** WHAT YOU ARE ASKED TO DO **
Please take the lines from the one holding "ステーショナリー西川(1K/1階)の間取り写真" through the one holding "Glass Hurricane w/" in the data below and copy them exactly.

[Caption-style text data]
|---|
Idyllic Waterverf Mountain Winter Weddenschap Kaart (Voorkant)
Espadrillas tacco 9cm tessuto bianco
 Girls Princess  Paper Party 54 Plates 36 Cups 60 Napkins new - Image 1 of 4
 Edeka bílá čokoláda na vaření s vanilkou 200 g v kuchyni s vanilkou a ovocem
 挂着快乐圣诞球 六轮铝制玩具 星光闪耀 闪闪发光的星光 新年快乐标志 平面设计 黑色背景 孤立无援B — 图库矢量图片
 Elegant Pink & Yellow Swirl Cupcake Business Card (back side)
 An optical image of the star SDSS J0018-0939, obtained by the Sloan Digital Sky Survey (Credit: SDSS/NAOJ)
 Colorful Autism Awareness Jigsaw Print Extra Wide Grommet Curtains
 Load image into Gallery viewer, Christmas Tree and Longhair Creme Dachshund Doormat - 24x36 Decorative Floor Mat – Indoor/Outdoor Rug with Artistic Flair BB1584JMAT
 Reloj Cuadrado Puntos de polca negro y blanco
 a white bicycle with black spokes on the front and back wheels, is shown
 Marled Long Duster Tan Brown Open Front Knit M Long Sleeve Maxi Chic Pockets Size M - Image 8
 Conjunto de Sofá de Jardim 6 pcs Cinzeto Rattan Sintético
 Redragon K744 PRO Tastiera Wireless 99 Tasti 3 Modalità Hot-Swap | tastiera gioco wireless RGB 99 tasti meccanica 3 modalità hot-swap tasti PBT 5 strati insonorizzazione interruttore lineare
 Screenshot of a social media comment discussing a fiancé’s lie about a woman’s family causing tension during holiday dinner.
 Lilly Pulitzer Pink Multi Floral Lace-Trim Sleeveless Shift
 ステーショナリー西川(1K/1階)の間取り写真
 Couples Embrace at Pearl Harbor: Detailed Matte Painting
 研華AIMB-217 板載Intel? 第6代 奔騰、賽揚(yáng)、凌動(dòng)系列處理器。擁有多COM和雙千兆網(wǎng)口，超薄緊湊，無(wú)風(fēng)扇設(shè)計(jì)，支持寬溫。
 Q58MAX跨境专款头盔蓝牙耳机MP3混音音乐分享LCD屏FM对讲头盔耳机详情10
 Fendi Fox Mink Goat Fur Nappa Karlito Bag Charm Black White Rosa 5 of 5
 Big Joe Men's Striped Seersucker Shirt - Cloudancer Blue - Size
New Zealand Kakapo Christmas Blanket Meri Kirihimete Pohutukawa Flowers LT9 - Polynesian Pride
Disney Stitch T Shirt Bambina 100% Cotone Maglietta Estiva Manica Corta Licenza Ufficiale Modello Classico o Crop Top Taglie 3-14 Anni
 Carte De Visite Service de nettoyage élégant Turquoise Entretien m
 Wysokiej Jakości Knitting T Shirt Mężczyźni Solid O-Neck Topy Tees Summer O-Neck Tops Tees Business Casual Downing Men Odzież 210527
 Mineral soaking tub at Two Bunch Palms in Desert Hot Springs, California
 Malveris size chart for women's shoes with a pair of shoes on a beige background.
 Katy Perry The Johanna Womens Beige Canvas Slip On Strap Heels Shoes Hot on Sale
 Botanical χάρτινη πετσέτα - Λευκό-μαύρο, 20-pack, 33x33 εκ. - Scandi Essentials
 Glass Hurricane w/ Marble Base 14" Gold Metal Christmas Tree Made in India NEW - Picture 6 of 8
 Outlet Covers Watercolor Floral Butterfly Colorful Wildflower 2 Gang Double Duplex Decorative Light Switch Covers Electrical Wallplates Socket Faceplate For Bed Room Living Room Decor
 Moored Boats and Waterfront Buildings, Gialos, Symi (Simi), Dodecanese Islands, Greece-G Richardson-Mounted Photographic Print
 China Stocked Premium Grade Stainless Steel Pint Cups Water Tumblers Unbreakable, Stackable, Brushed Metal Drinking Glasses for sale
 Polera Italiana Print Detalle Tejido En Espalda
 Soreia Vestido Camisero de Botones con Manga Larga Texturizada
|---|
** RESULT OF THIS TASK **
 ステーショナリー西川(1K/1階)の間取り写真
 Couples Embrace at Pearl Harbor: Detailed Matte Painting
 研華AIMB-217 板載Intel? 第6代 奔騰、賽揚(yáng)、凌動(dòng)系列處理器。擁有多COM和雙千兆網(wǎng)口，超薄緊湊，無(wú)風(fēng)扇設(shè)計(jì)，支持寬溫。
 Q58MAX跨境专款头盔蓝牙耳机MP3混音音乐分享LCD屏FM对讲头盔耳机详情10
 Fendi Fox Mink Goat Fur Nappa Karlito Bag Charm Black White Rosa 5 of 5
 Big Joe Men's Striped Seersucker Shirt - Cloudancer Blue - Size
New Zealand Kakapo Christmas Blanket Meri Kirihimete Pohutukawa Flowers LT9 - Polynesian Pride
Disney Stitch T Shirt Bambina 100% Cotone Maglietta Estiva Manica Corta Licenza Ufficiale Modello Classico o Crop Top Taglie 3-14 Anni
 Carte De Visite Service de nettoyage élégant Turquoise Entretien m
 Wysokiej Jakości Knitting T Shirt Mężczyźni Solid O-Neck Topy Tees Summer O-Neck Tops Tees Business Casual Downing Men Odzież 210527
 Mineral soaking tub at Two Bunch Palms in Desert Hot Springs, California
 Malveris size chart for women's shoes with a pair of shoes on a beige background.
 Katy Perry The Johanna Womens Beige Canvas Slip On Strap Heels Shoes Hot on Sale
 Botanical χάρτινη πετσέτα - Λευκό-μαύρο, 20-pack, 33x33 εκ. - Scandi Essentials
 Glass Hurricane w/ Marble Base 14" Gold Metal Christmas Tree Made in India NEW - Picture 6 of 8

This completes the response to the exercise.